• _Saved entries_
= = = = = = =
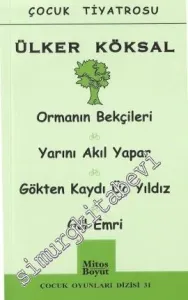 Orman Bekçileri / Yarını Akıl Yapar / Gökten Kaydı Üç Yıldız / Gül Emri -         2012
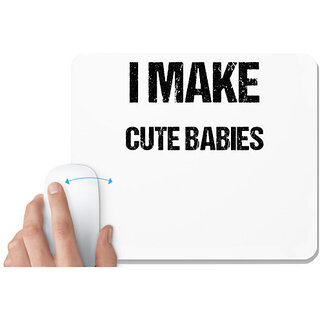                      UDNAG White Mousepad 'Mom Dad | I make cute babies' for Computer / PC / Laptop [230 x 200 x 5mm]                                              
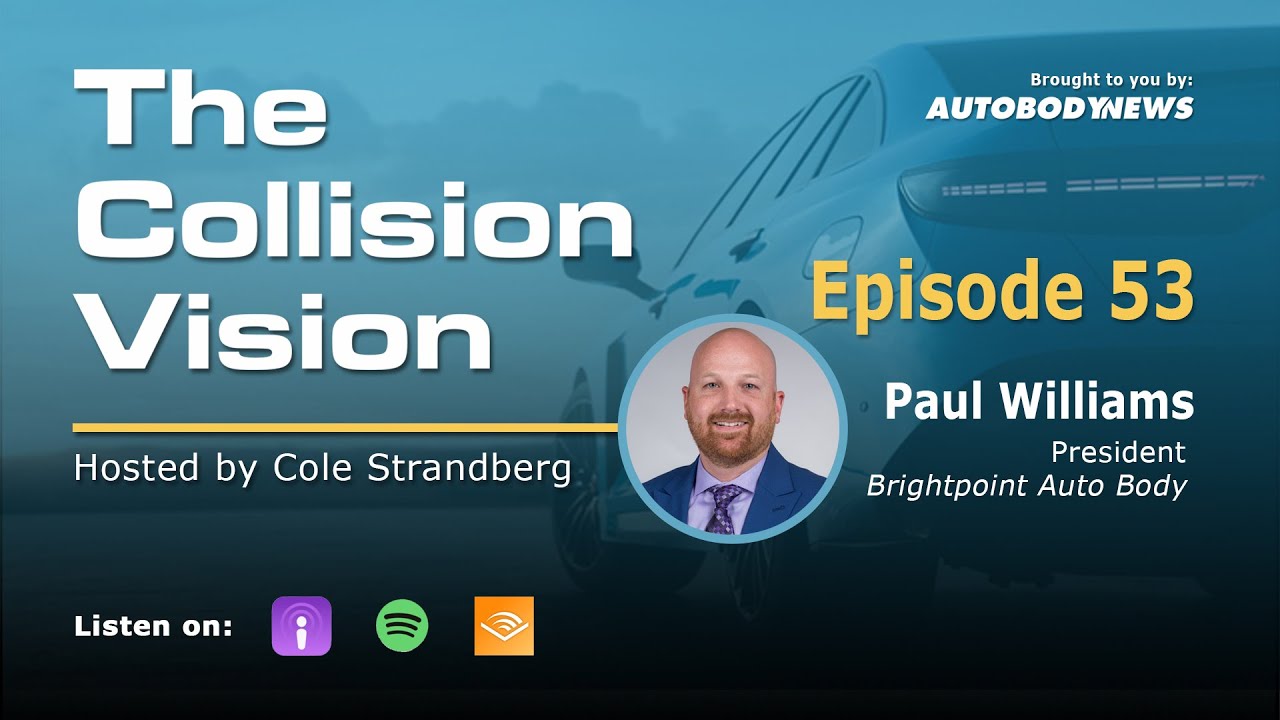 The Collision Vision Ep. 53: Scaling a New Family Office-Backed Body Shop Group with Paul Williams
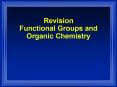 Revision Functional Groups and Organic Chemistry PowerPoint PPT Presentation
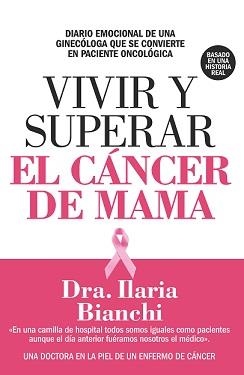 VIVIR Y SUPERAR EL CÁNCER DE MAMA | 9788417057558 | BLANCHI, DR. ILARIA | Llibreria La Gralla | Librería online de Granollers
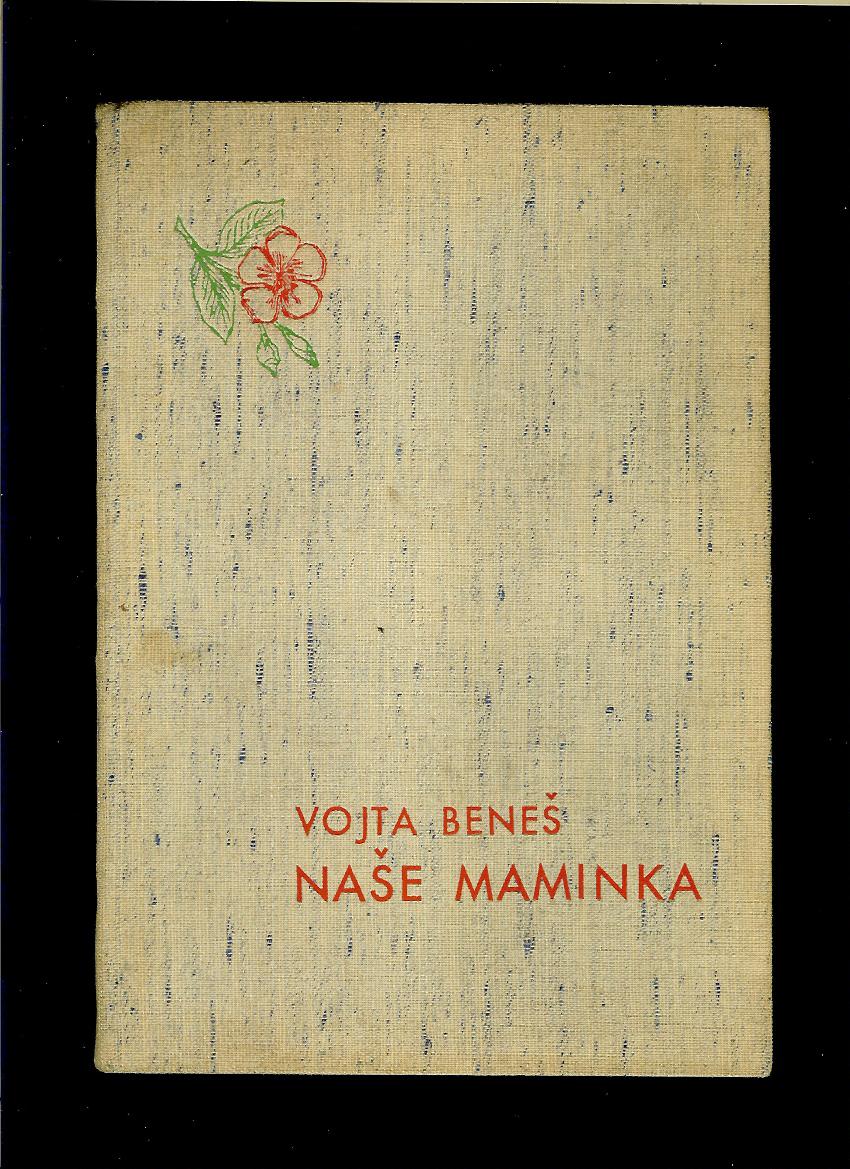 Vojta Beneš: Naše maminka /1938/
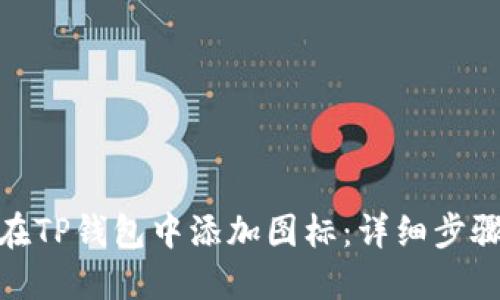 : 如何在TP钱包中添加图标：详细步骤与技巧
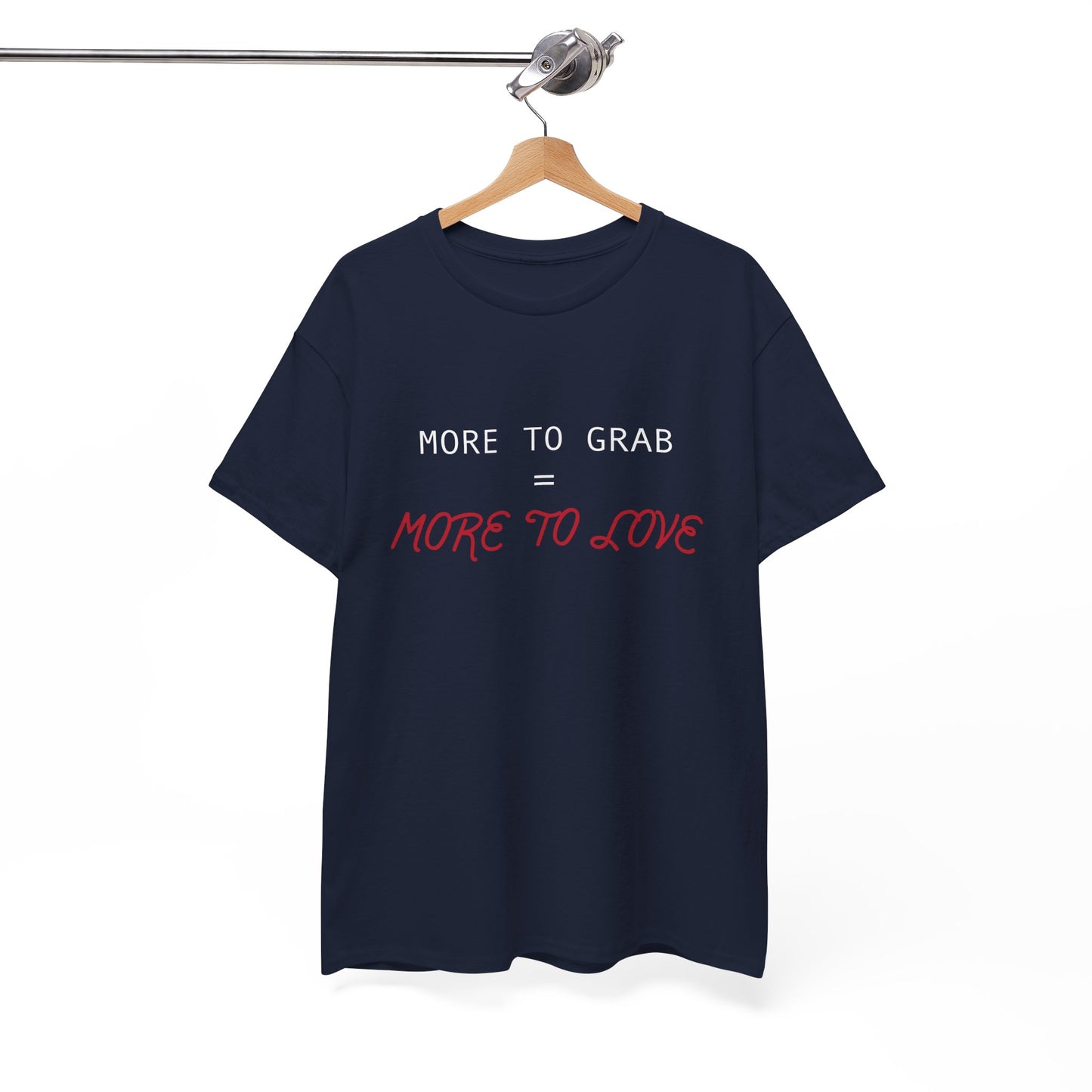 "More to Grab = More to Love" 100% Cotton T-Shirt (Unisex)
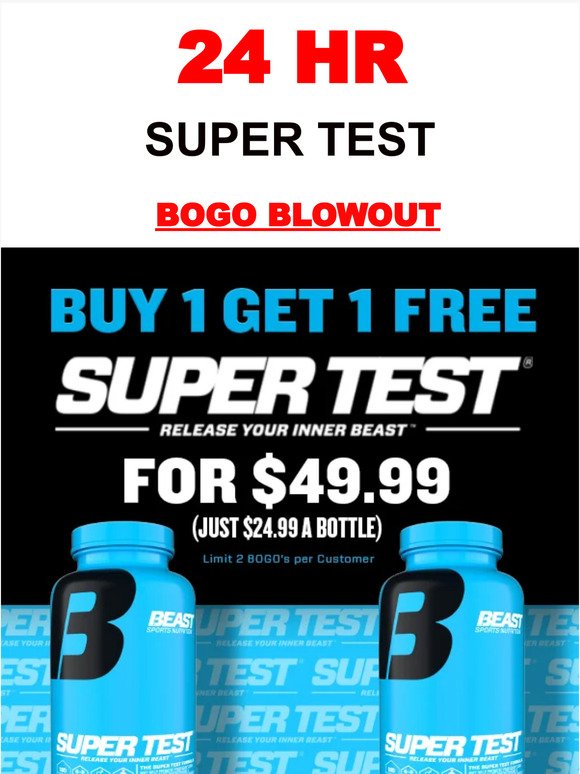 🚨 24 HR Super Test BOGO Blowout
= = = = = = =
• _DIRECTIONS FOR THIS TASK_
Transcribe all the entries precisely. Do not include any picture.

• _SOLVED EXERCISE_
 Orman Bekçileri / Yarını Akıl Yapar / Gökten Kaydı Üç Yıldız / Gül Emri -         2012
                      UDNAG White Mousepad 'Mom Dad | I make cute babies' for Computer / PC / Laptop [230 x 200 x 5mm]                                              
 The Collision Vision Ep. 53: Scaling a New Family Office-Backed Body Shop Group with Paul Williams
 Revision Functional Groups and Organic Chemistry PowerPoint PPT Presentation
 VIVIR Y SUPERAR EL CÁNCER DE MAMA | 9788417057558 | BLANCHI, DR. ILARIA | Llibreria La Gralla | Librería online de Granollers
 Vojta Beneš: Naše maminka /1938/
 : 如何在TP钱包中添加图标：详细步骤与技巧
 "More to Grab = More to Love" 100% Cotton T-Shirt (Unisex)
 🚨 24 HR Super Test BOGO Blowout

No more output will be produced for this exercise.